The lawsuit that prompted Paula Deen to disclose her past use of a racial epithet ended with a settlement agreement Friday, nearly two months after intense media scrutiny of allegedly boorish behavior and discrimination inside her businesses led to the collapse of her culinary empire. The terms of the settlement were not disclosed; the one-sentence statement filed in U.S. District Court in Savannah announced only that all parties had agreed to dismiss the case.
Deen said in a statement issued through her publicist on Friday that she is “working to review the workplace environment issues that were raised in this matter and retool all of my business operations.” She acknowledged no wrongdoing. “I am confident that those who truly know how I live my life know that I believe in kindness and fairness for everyone,” she said.
Filed last year by Lisa Jackson, a white woman who had worked for five years managing a Savannah, Ga.-area restaurant co-owned by Deen and her brother, Earl “Bubba” Hiers, the lawsuit started as a race and sex discrimination case. In a ruling last week, U.S. District Judge William T. Moore dismissed the race claims. The judge concluded that, as a white employee, Jackson couldn’t sue for the anti-black bias she claimed to have observed at the restaurant, Uncle Bubba’s Oyster and Seafood House. Jackson never claimed she’d been retaliated against for complaining about work conditions, which could have given her the right to sue.
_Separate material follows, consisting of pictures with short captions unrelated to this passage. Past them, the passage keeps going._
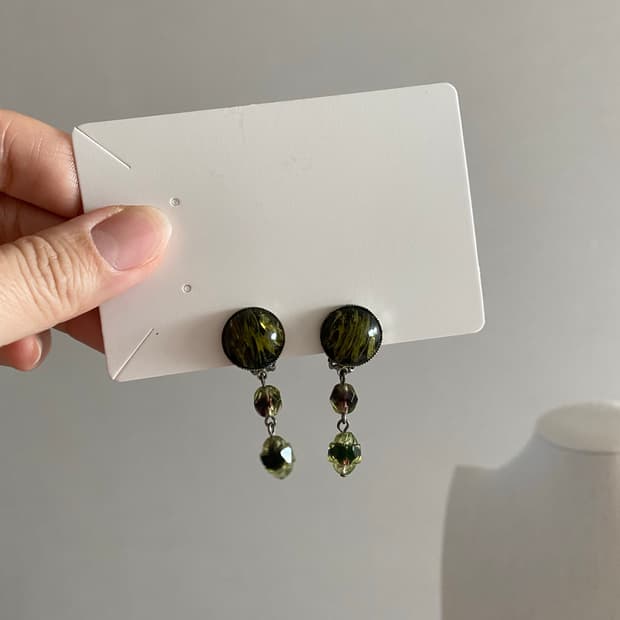 귀찌 빈티지 그린톤 드롭 귀걸이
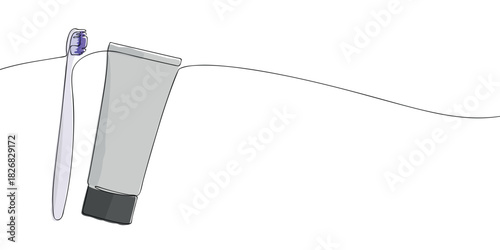 Minimal vector illustration of a toothbrush and toothpaste tube on a white background with a curved line, suitable for dental, hygiene, or healthcare design themes.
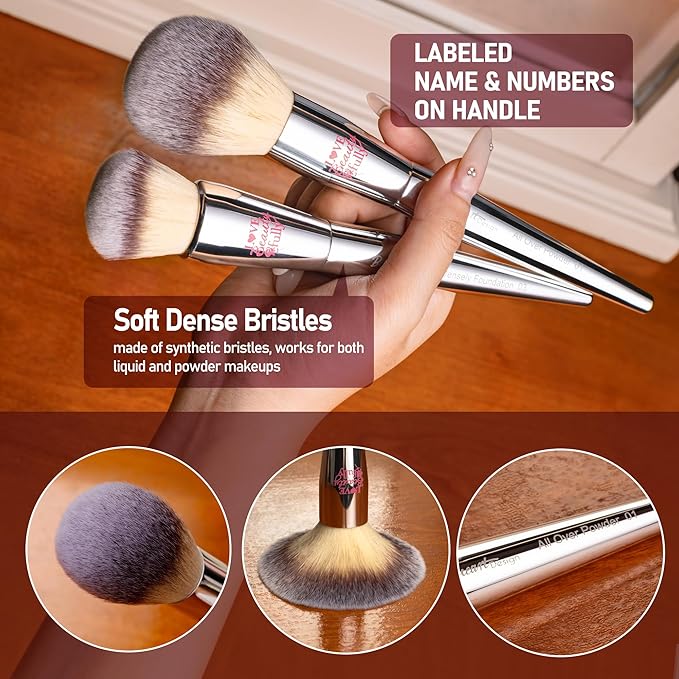 Bueart Design Christmas Gift 26Pcs Pro Makeup Brushes Set with Ultra Soft Dense HairPremium Quality Professional Make up Brushes For FoundationContourBlushPowder Makeup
That ruling came too late to spare Deen from questions about her racial attitudes in sworn depositions. Excerpts of those depositions made national headlines, and Deen struggled to explain herself in video apologies and an appearance on the Today show. Within days, major sponsors and business partners—including Wal-Mart, Target, and other retailers that sold her products—cut ties to Deen. The Food Network, whose Deen ratings had been dropping, also declined to renew her contract amid the controversy.
As her business empire fell apart, Deen fired her original, all-local legal team last month and hired new lawyers led by Grace Speights, managing partner of the Washington office of Morgan, Lewis & Bookius.
Jackson’s lawyer, Wesley Woolf, had written a letter to Deen’s attorney before filing the lawsuit last year, seeking $1.25 million for his client and suggesting that the bad publicity from a trial would cost the famous Southern chef far more than a settlement. Deen’s then-lawyers replied that the claims were false and declined to make a deal.
“The matter has been amicably resolved,” Woolf said today in an e-mail.